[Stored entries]
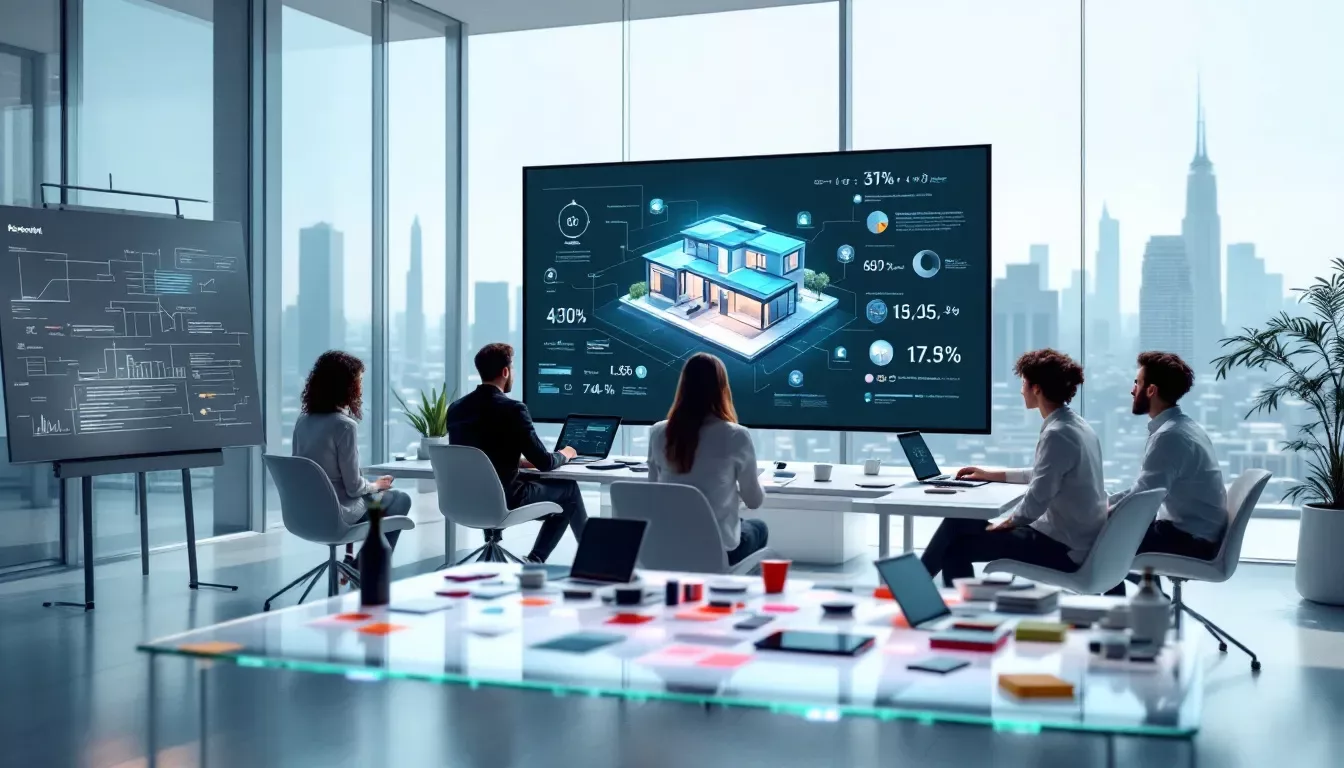 AI tools for property valuation and market analysis in real estate.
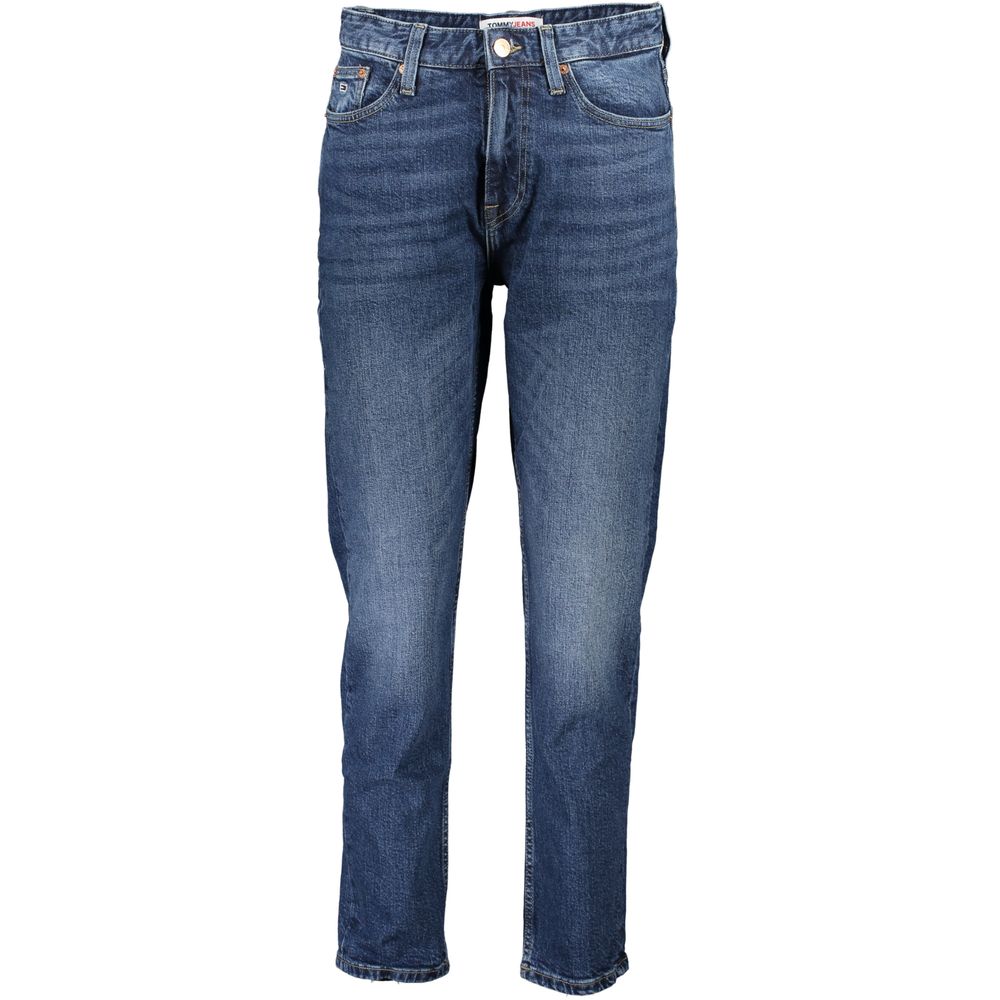 Jeans slim en coton Tommy Hilfiger pour femmes, coupe ankle, bleu, style décontracté, visible sur l’image.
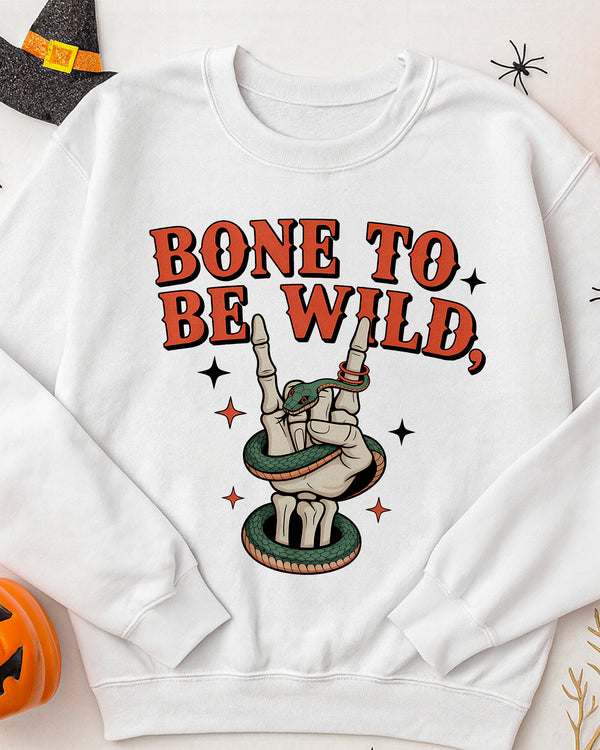 Sweater Bone To Be Wild Cute Halloween GSW011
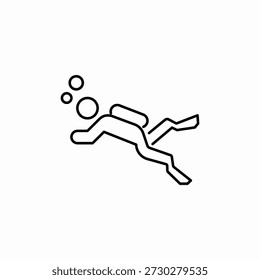 water diver icon sign vector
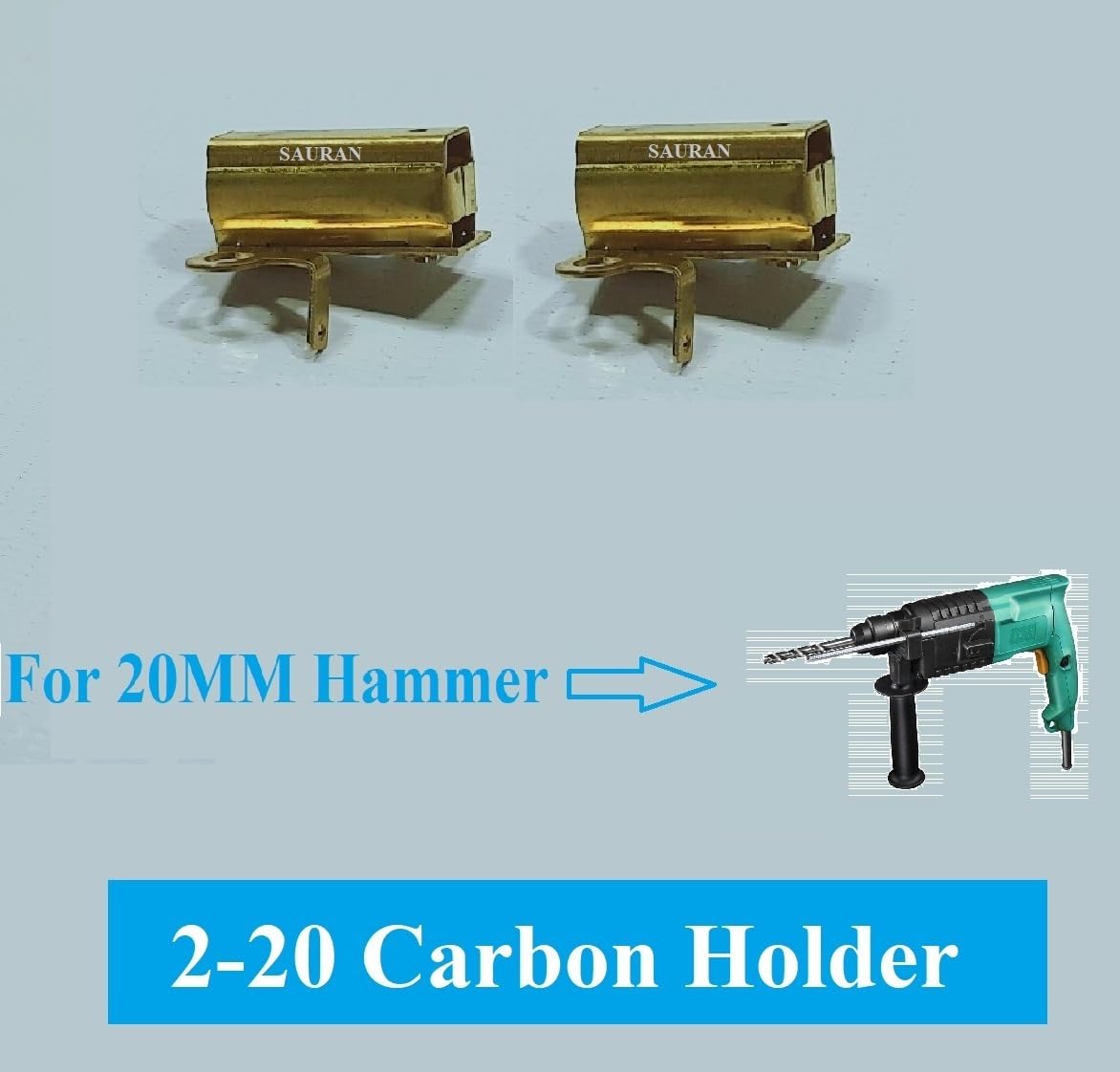 2 Pieces Carbon Holder for 20mm Hammer 2-20 1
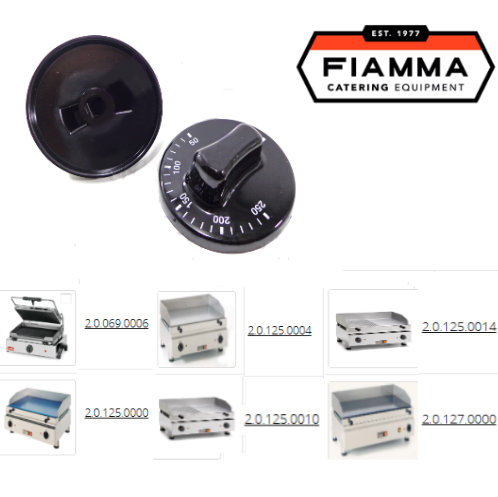 Manipulo P/Termostato  250ºc Para Grelhador Ppf Fiamma      
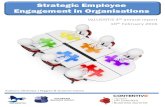 Strategic Employee Engagement in Organisations · 1. Employee Engagement: How much understanding? 2. Employee Engagement: Learning in organisations 3. Employee Engagement defined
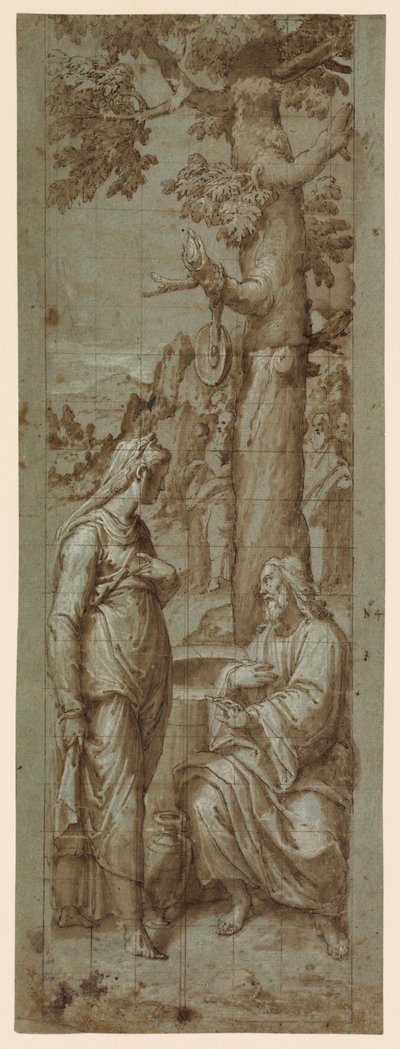 Le Christ et la femme de Samarie - Romulo Cincinnato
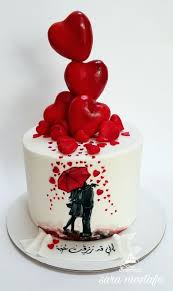 Anniversary Cake Hand Painted Cakes Painted Cakes Anniversary Cake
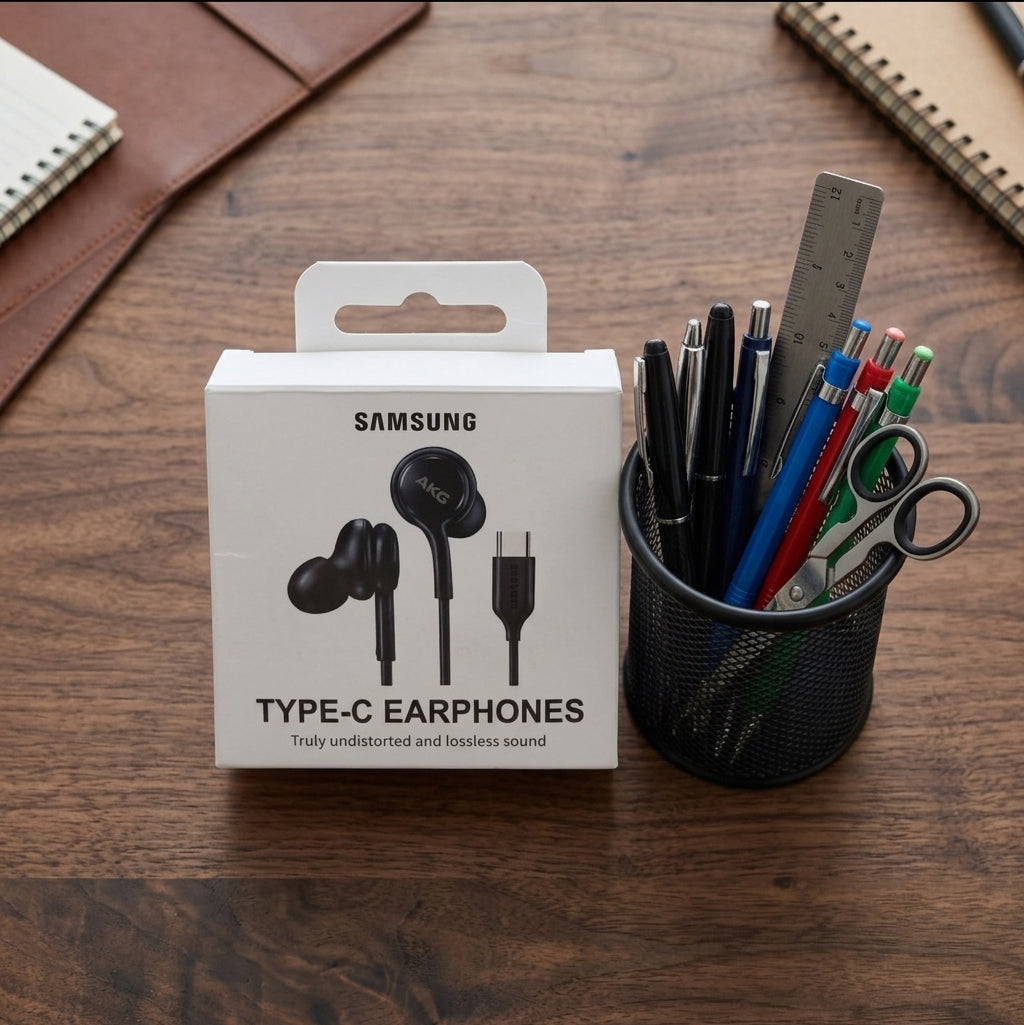 Type-C Wired Earphones Compatible with Samsung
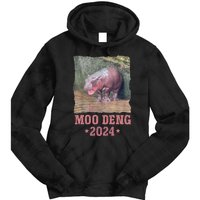 Moo Deng 2024 Moo Deng Moo Deng Cute Baby Hippo Tie Dye Hoodie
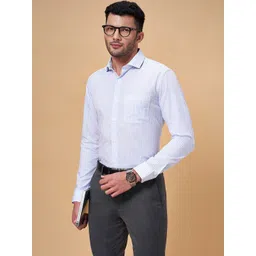 Peregrine by Pantaloons Vertical Striped Slim Fit Cotton Formal Shirt-picture-26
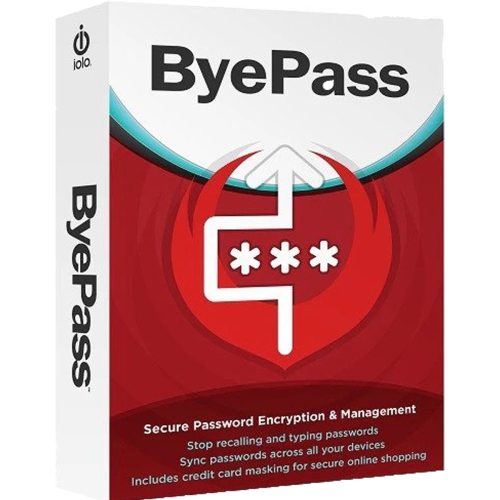 iolo ByePass Password Manager (1 eszköz / 1 év) digitális licence kulcs  letöltés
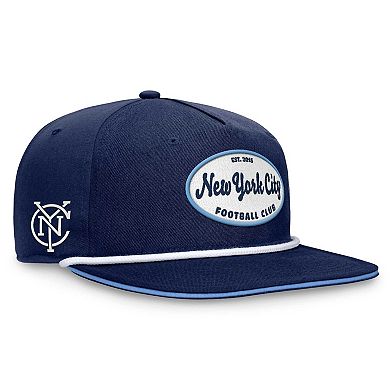 Men's Fanatics Branded Navy New York City FC Iron Golf Snapback Hat
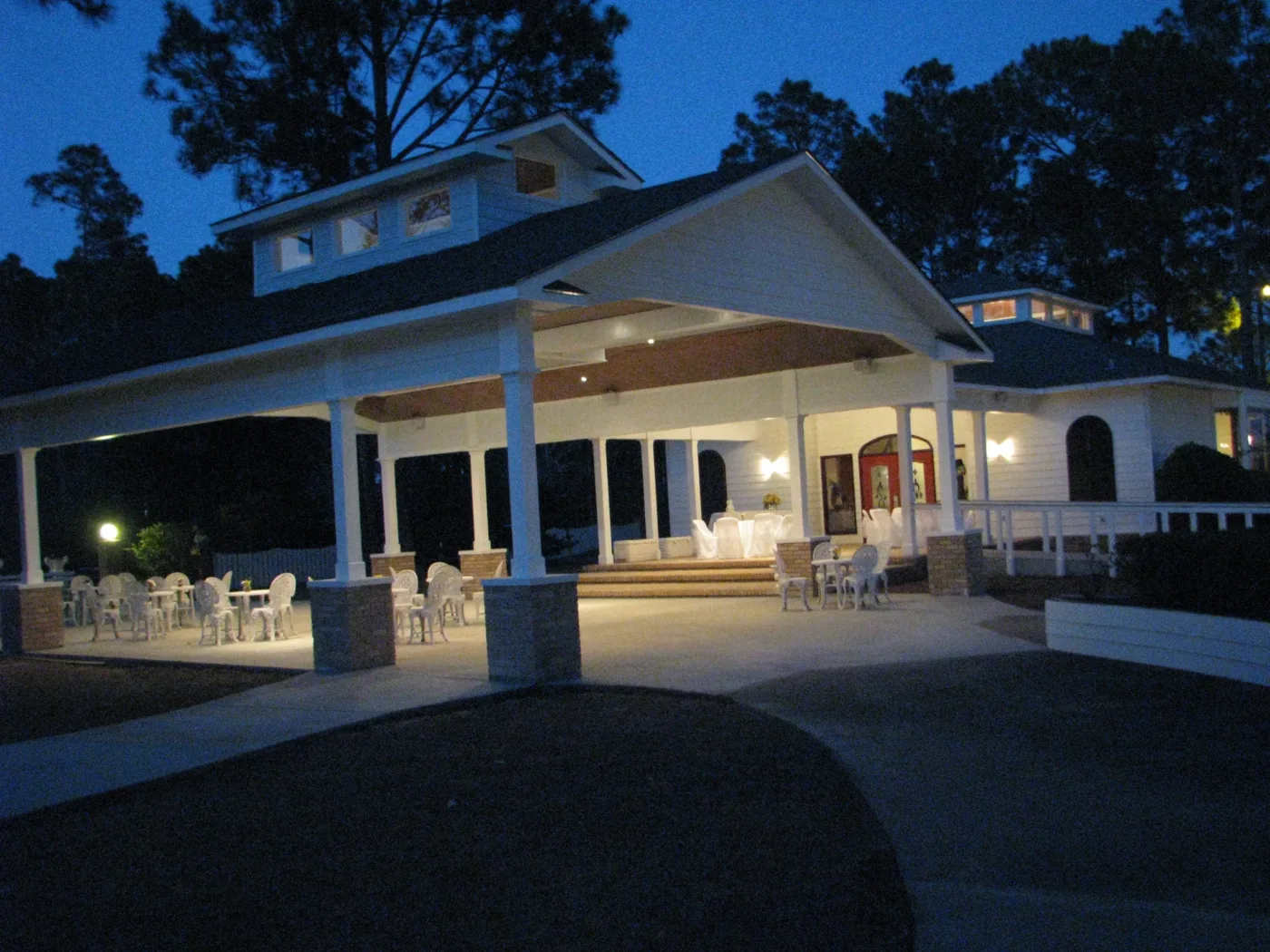 PAVILION AT NIGHT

TASK TO CARRY OUT >> Output every entry exactly. Pictures stay out.

RESPONSE TO THIS EXERCISE >>
 AI tools for property valuation and market analysis in real estate.
 Jeans slim en coton Tommy Hilfiger pour femmes, coupe ankle, bleu, style décontracté, visible sur l’image.
 Sweater Bone To Be Wild Cute Halloween GSW011
 water diver icon sign vector
 2 Pieces Carbon Holder for 20mm Hammer 2-20 1
 Manipulo P/Termostato  250ºc Para Grelhador Ppf Fiamma      
 Strategic Employee Engagement in Organisations · 1. Employee Engagement: How much understanding? 2. Employee Engagement: Learning in organisations 3. Employee Engagement defined
 Le Christ et la femme de Samarie - Romulo Cincinnato
 Anniversary Cake Hand Painted Cakes Painted Cakes Anniversary Cake
 Type-C Wired Earphones Compatible with Samsung
 Moo Deng 2024 Moo Deng Moo Deng Cute Baby Hippo Tie Dye Hoodie
 Peregrine by Pantaloons Vertical Striped Slim Fit Cotton Formal Shirt-picture-26
 iolo ByePass Password Manager (1 eszköz / 1 év) digitális licence kulcs  letöltés
 Men's Fanatics Branded Navy New York City FC Iron Golf Snapback Hat
 PAVILION AT NIGHT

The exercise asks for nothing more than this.